In this screen, we were carrying some data cleaning by dropping unwanted columns in the dataset. I have been struggling to understand why did we choose those specific columns, 28-48 for dete_survey and 17-65 for tafe_survey. Kindly help me figure out on what basis did we choose those specific columns.

one could write an endless stream of posts about column selection in this project, here’s my opinion:

  • someone had to make some choice and made a choice that didn’t lead to this project expanding to a very BIG notebook.
  • you could drop less columns (and should try it if you have time for it) - it can lead to some interesting conclusions, but it will take time
Thank You @adam.kubalica ,

I will try and experiment with column dropping .

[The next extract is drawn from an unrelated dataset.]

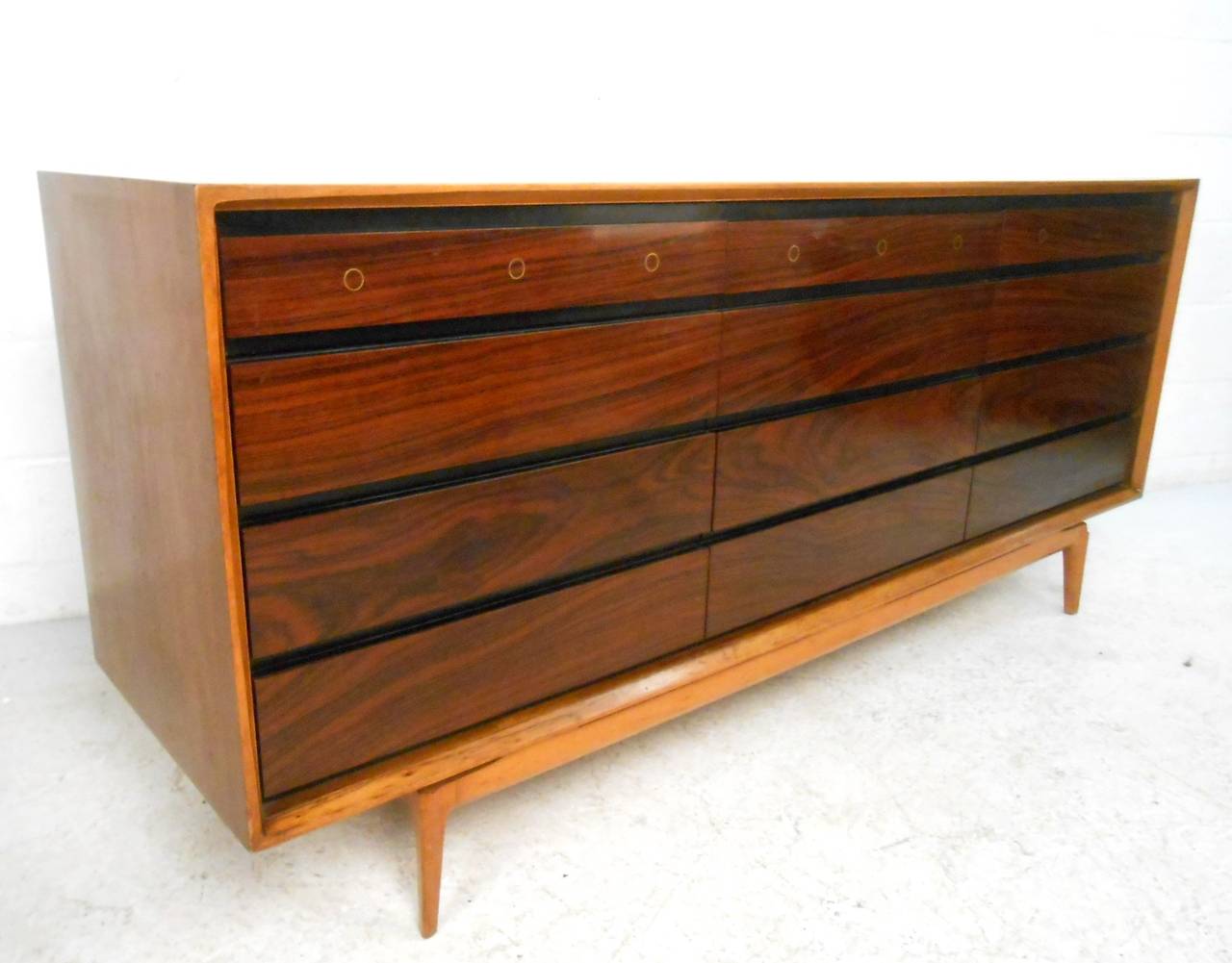 This beautiful mid-century Rosewood dresser was manufactured in Belgium, and offers 12 drawers for plenty of storage. Unique sculpted base pairs beautifully with wonderful top drawer inlays.  Fantastic woodgrain set's this piece above other dressers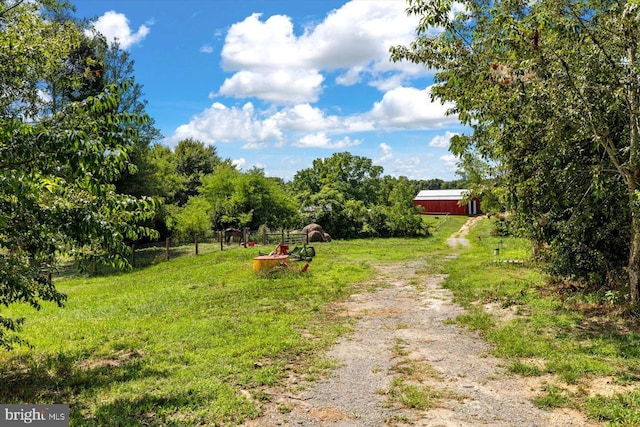 view of yard with a rural view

I felt the exact same way. My initial observations were that these might be merged. But when prompted to just drop them outright I was also confused as to why. Columns like Professional Development, Opportunities for promotion, Staff morale, Workplace issue, Physical environment ALL seem like very relevant reasons to move on from a job.

However, the DETE data for these columns appear to be specific abbreviations. I’m having a hard time tracking down what those abbreviations are code for. So I guess that’s why we’re dropping them.

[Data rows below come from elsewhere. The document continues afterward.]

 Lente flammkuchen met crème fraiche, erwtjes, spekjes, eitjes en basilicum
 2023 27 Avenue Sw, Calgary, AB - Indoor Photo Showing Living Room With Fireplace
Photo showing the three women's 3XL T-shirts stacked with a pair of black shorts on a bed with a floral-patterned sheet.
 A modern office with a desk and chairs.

The TAFE dropped columns are a whole bunch of agree/disagree questions. These could have a value of 1-5 if we thought the questions would be helpful. But maybe it’s just too much to deal with for a beginner? Some of the other columns are straight up Y/N and some are just bools. I’m not really sure.

I’m just gonna trust DQ on this one I guess. I don’t really like it though.

@capncrockett I guess that DQ dropped the columns with the specific abbreviations because they did not find a meaning for those but using the same argument, we could have decided not to drop the columns in TAFE. So it has become a little confusing for me as of now, so I guess we will just trust DQ for now.